Wolne Związki Zawodowe działały niezależnie od państwa, stawały w obronie praw robotniczych i obywatelskich, celem działalności było odzyskanie prawa do demokratycznego kierowania przez społeczeństwo państwem. WZZ wydawał biuletyn „Robotnik Wybrzeża” (ukazało się kilka numerów). Pierwszy numer ukazał się 1 sierpnia 1978; poniżej jego fragmenty:
W PRL istnieją potężne związki zawodowe zrzeszające miliony pracowników, dysponujące własną prasą, funduszami, lokalami. Mimo to co kilka lat robotnicy wychodzą na ulice i w gwałtowny sposób dopominają się o swoje prawa, narażając się na ataki MO i późniejsze represje. Nawet duże grupy pracowników w przypadku konfliktu z administracją są bezsilne i osamotnione. Sytuacja pojedynczego pracownika skrzywdzonego czy oszukanego jest jeszcze trudniejsza. [...]
Nie stawiamy sobie celów politycznych, nie narzucamy naszym członkom, współpracownikom i sympatykom określonych poglądów politycznych i światopoglądowych, nie dążymy do objęcia władzy.
Zdajemy sobie jednak spraw, że nie unikniemy zarzutu o prowadzenie działalności politycznej. Zakres spraw, które u nas traktuje się jako sprawy polityczne jest bowiem niezmiernie szeroki i obejmuje prawie wszystko z wyjątkiem wycieczek na grzyby. [...]

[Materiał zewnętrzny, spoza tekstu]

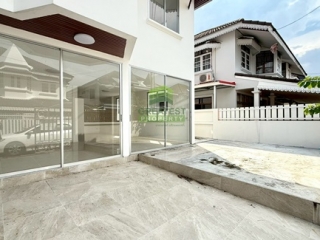 หมู่บ้านคันทรีอินทาวน์ ท่าอิฐ ไทรม้า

Nasza działalność jest legalna i zgodna z prawem. Każdy człowiek ma naturalne prawo do obrony, do sprawiedliwości i do godnego życia – gwarantuje nam to Konstytucja PRL oraz międzynarodowe konwencje i umowy dotyczące praw ludzkich i obywatelskich. Działalność związkowa jest pod szczególną ochroną prawną.
Początkowo w składzie Komitetu Założycielskiego WZZ Wybrzeża byli Andrzej Gwiazda, Krzysztof Wyszkowski i Antoni Sokołowski. Niedługo po jego powstaniu na miejsce Sokołowskiego wszedł Edwin Myszk (jak się okazało dzięki informacjom funkcjonariuszaSB MSW z Gdańska Adama Hodysza, który współpracował z WZZ Wybrzeża Edwin Myszk był TW SB MSW), a w lipcu 1978 – na miejsce Krzysztofa Wyszkowskiego – Andrzej Bulc, którego w maju 1980 zastąpił Jan Karandziej[3][4][5][6][7].
↑Joanna Duda-Gwiazda napisała w Biuletynie MKZ NSZZ „Solidarność” z 1981 r., że było to „w przeddzień 1 maja”, natomiast Krzysztof Wyszkowski w jednym z wywiadów powiedział, że za faktyczny początek należałoby uznać 1 maja.